■ Web page caption snippets ■
══════════════════════════════
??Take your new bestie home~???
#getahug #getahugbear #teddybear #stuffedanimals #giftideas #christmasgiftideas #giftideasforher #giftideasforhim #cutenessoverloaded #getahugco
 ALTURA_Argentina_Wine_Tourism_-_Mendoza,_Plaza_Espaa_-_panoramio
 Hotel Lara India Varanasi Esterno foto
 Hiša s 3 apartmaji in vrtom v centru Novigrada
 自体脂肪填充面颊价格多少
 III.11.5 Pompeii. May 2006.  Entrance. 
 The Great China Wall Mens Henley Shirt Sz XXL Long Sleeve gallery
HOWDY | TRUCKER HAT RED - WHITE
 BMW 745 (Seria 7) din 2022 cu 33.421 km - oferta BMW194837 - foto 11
══════════════════════════════
■ YOUR ASSIGNMENT ■
Your task is to set down exactly the lines from the line containing "ALTURA_Argentina_Wine_Tourism_-_Mendoza,_Plaza_Espaa_-_panoramio" to the end of the data above, including both ends.

■ WRITTEN REPLY ■
 ALTURA_Argentina_Wine_Tourism_-_Mendoza,_Plaza_Espaa_-_panoramio
 Hotel Lara India Varanasi Esterno foto
 Hiša s 3 apartmaji in vrtom v centru Novigrada
 自体脂肪填充面颊价格多少
 III.11.5 Pompeii. May 2006.  Entrance. 
 The Great China Wall Mens Henley Shirt Sz XXL Long Sleeve gallery
HOWDY | TRUCKER HAT RED - WHITE
 BMW 745 (Seria 7) din 2022 cu 33.421 km - oferta BMW194837 - foto 11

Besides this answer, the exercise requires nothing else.